Well, good morning, everyone. It's the top of the hour. Not trying to scare you there. We'll tell what that was in a moment.

HILL: In case you're traveling for the holiday weekend.

HARLOW: So happy to have my friend, Erica Hill, next to me today and next week. But that video was a flight in South Korea today. Someone apparently opened the emergency exit door while the plane was coming in for landing. Thankfully, no one was seriously hurt. This, as here in the United States, the summer travel season is kicking off and it's promising to be the busiest Memorial Day weekend since 2005. Air travel roaring back after the pandemic. We'll take you live to Reagan National as they face a critical stress test.

HILL: The Washington Post reporting that Donald Trump's employees moved boxes at Mar-a-Lago the day before FBI agents came look forging for classified documents last year. And the former president also allegedly held what are being referred to as dress rehearsals for moving his stash of sensitive records.

HARLOW: And this remarkable story to tell you about, a man who was paralyzed for more than a decade, is walking again after receiving digital implants in his brain and his spine. Two people directly involved in his medical breakthrough will join us live.

This hour of CNN This Morning starts right now.

Airport across the country gearing up for the busiest Memorial Day weekend. We're smart. We're not flying anywhere. And two decades as America bounces back from the pandemic. Take a live look inside Chicago O'Hare and Reagan National, just outside of D.C. The demand for flights has been skyrocketing and AAA is predicting nearly 3.5 million of you will fly this weekend. That is a jump from last year as well as 2019, before COVID struck.

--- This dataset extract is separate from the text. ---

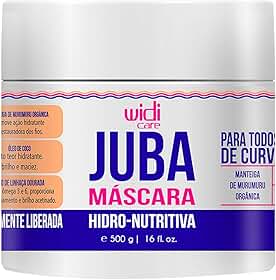 Widicare Juba Máscara Hidro-Nutritiva - Widi Care Widi Care Branco Médio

Pete Muntean joins us live at Reagan this morning. Pete, the real stress for airlines, are they ready?

PETE MUNTEAN, CNN AVIATION CORRESPONDENT: A huge test for the airlines, Poppy. The TSA anticipates screening 10 million people between Thursday yesterday and Monday Memorial Day. Although the numbers we have seen so far may make that a conservative estimate, 2.43 million people at airports on Wednesday screened by the TSA, 2.56 million people on Monday. Both of those numbers bigger than the same day back in 2019 before the pandemic.

The number to beat now, the pandemic era air travel record set back on Friday, 2.66 million people. Airports insist they're ready. The TSA insists they're ready. And airlines insist they're ready after the big summer meltdowns of last year that really kicked off with Memorial Day.

Think back to then. The airlines canceled about 55,000 flights over the totality of the summer. This time around, they insist that they are right staffed. They have added 48,000 people industry wide and that they are right sized, operating fewer flights, using larger airplanes. They say that the meltdowns are a thing of the past. But passengers hope that that is actually the case. Listen. (COMMERCIAL BREAK)

UNIDENTIFIED FEMALE: If things run smoothly, people do their job sufficiently, then it's a great trip.

UNIDENTIFIED FEMALE: Pack your patience. Come prepared. UNIDENTIFIED FEMALE: I'm keeping my fingers crossed that I get home without a hitch.


MUNTEAN: Airlines say the delays now could be on the federal government, because the FAA is short about 3,000 air traffic controllers nationwide. That's what they say they would need to have optimal staffing levels. And we have seen air traffic control shortages caused delays even this week on Sunday and Monday. It was a problem in Denver.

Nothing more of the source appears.